Réunion

Jugement historique contre les pesticides : l’État français sommé d’agir

La Réunion, France – Un jugement historique rendu par la Cour d’appel de Paris dans l’affaire « Justice pour le Vivant » marque un tournant majeur dans la lutte contre l’utilisation des pesticides. Cette décision, saluée par l’organisation locale Génération Écologie La Réunion, reconnaît la responsabilité de l’État français dans le préjudice écologique et les risques pour la santé humaine liés à l’usage de ces produits chimiques.

Le jugement est une victoire pour les associations à l’origine de l’action en justice, notamment Notre Affaire à Tous, Pollinis, l’Association nationale pour la protection des eaux et rivières, Biodiversité sous nos pieds et l’Aspas.
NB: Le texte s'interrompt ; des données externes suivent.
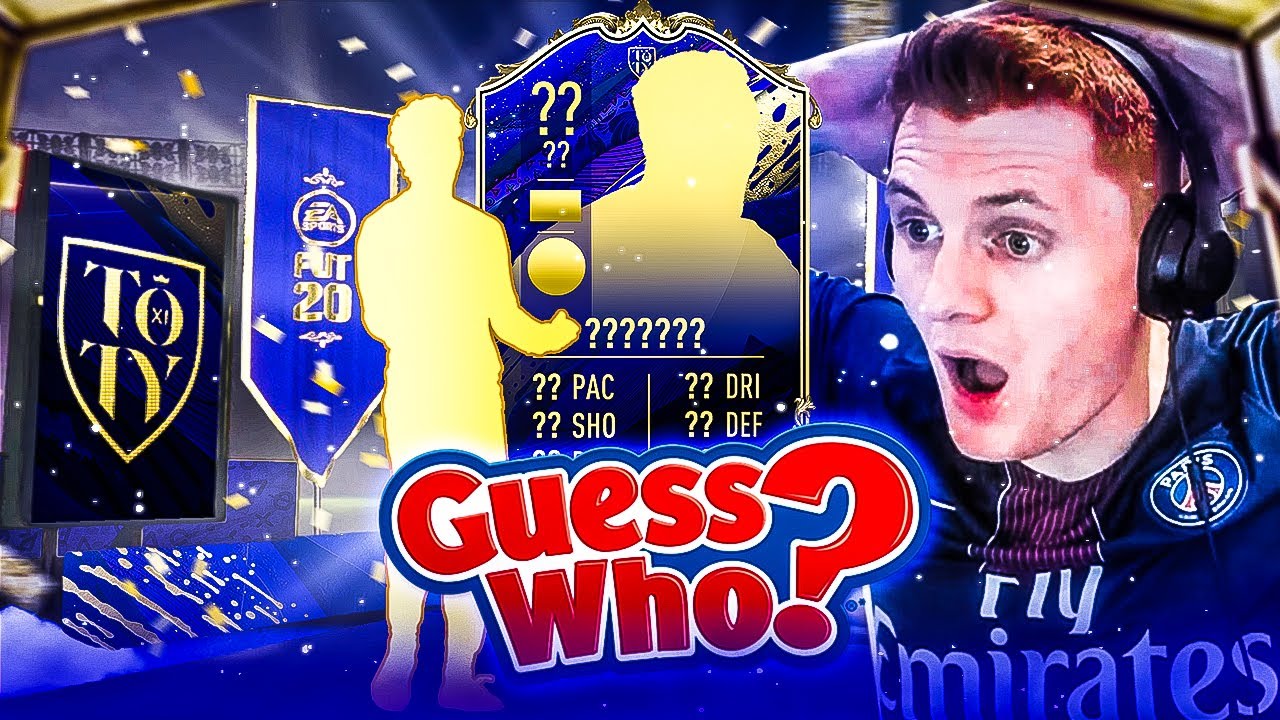 TOTY НА КОНУ &mdash; ЭПИЧЕСКОЕ &laquo;УГАДАЙ КТО&raquo; В СТИЛЕ TOTY!!!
Il donne également raison aux signataires de la pétition contre la loi Duplomb, un texte controversé sur les pesticides.

La Cour d’appel de Paris a émis des ordres clairs et contraignants à l’encontre de l’Anses (Agence nationale de sécurité sanitaire de l’alimentation, de l’environnement et du travail). L’agence doit désormais :

  • Mettre en œuvre une nouvelle procédure d’évaluation des risques qui prend en compte les dernières connaissances scientifiques, notamment sur les impacts des pesticides sur les espèces non ciblées.
  • Procéder, dans un délai de deux ans, au réexamen de toutes les autorisations de mise sur le marché de pesticides déjà délivrées qui ne respectent pas cette exigence scientifique.

Pour Vincent Defaud de Génération Écologie La Réunion, « ce jugement ébranle le train-train de l’empoisonnement alimentaire ». Son organisation exige une mise en œuvre immédiate de la décision, demandant notamment la suspension de toutes les autorisations de mise sur le marché pour les pesticides dont les dangers ont été signalés par la communauté scientifique depuis des années.

La coordinatrice nationale de Génération Écologie et députée des Deux-Sèvres, Delphine Batho, a déclaré que « l’État est désormais au pied du mur ». Selon elle, le gouvernement doit choisir entre soutenir la science et la justice, ou continuer son « soutien aveugle au camp de l’obscurantisme ». Si l’État décidait de faire appel de la décision, il bafouerait son obligation de protéger la santé des Français.

Cette décision judiciaire force l’État à prendre ses responsabilités et pourrait potentiellement transformer en profondeur la politique française en matière de pesticides.